## Assigned task:
Write out the line that holds "Quiksilver Czapka CEO-QS-M3-001-AW25" together with every line that follows it to the end of the material below, exactly. Omit the pictures.

## Information provided:
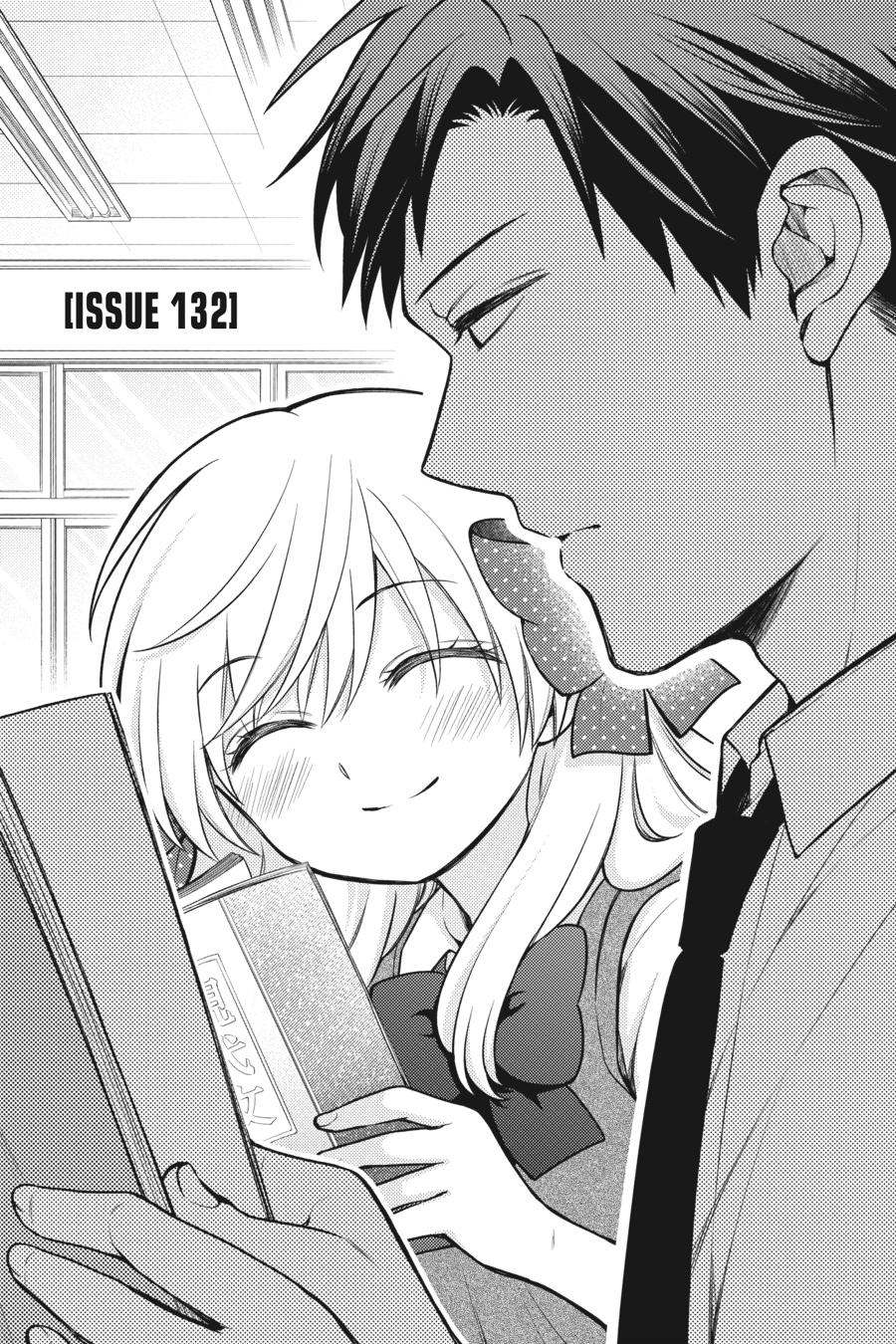 Monthly Girls’ Nozaki-kun Chapter 132 — page 1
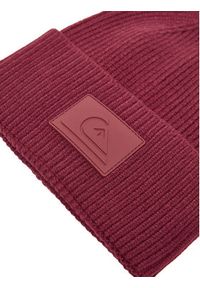 Quiksilver Czapka CEO-QS-M3-001-AW25 Bordowy. Kolor: czerwony. Materiał: materiał, wiskoza
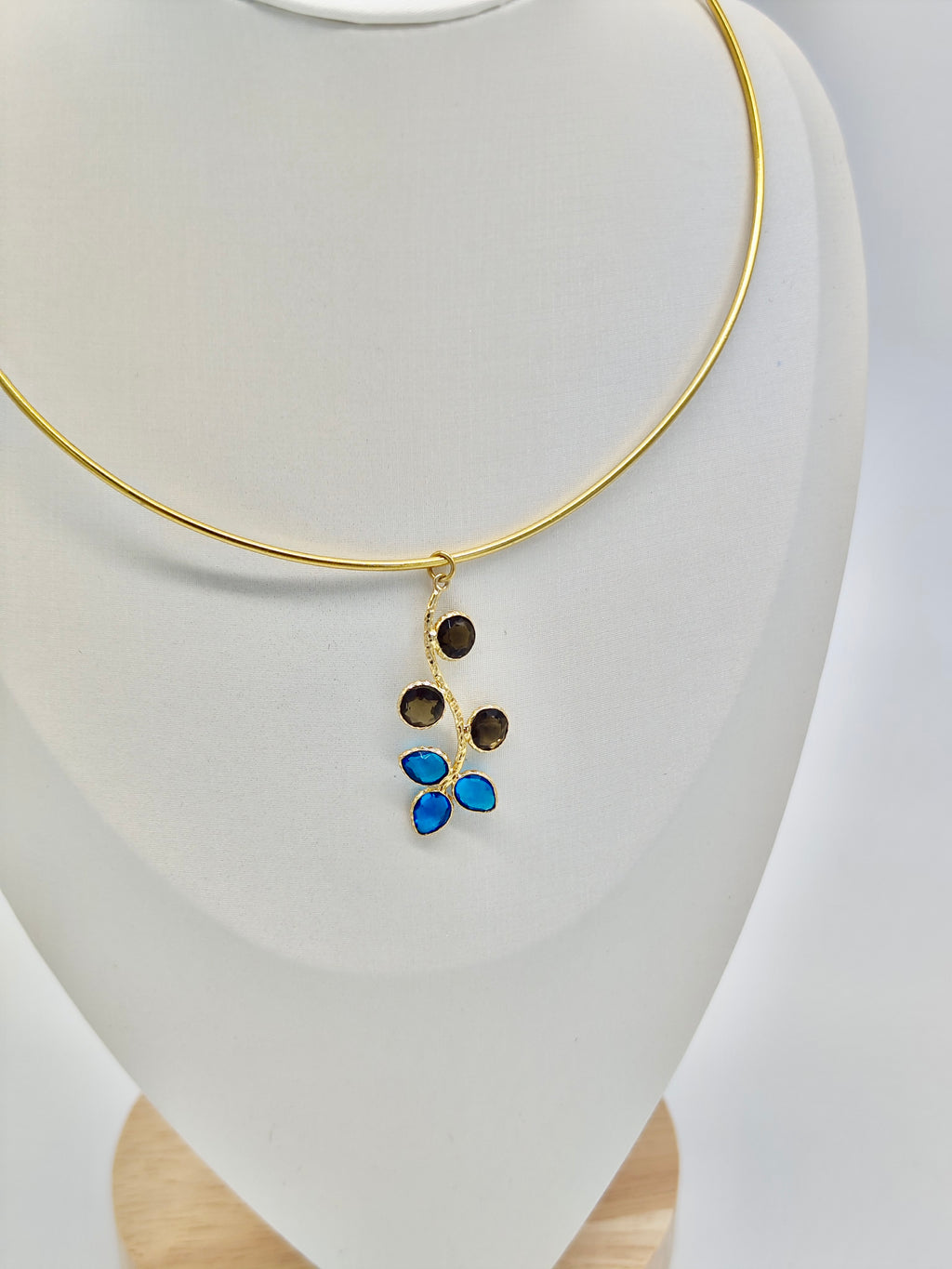 Collar Indra Valli – Colección Nila Padma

## Problem solution:
 Quiksilver Czapka CEO-QS-M3-001-AW25 Bordowy. Kolor: czerwony. Materiał: materiał, wiskoza
 Collar Indra Valli – Colección Nila Padma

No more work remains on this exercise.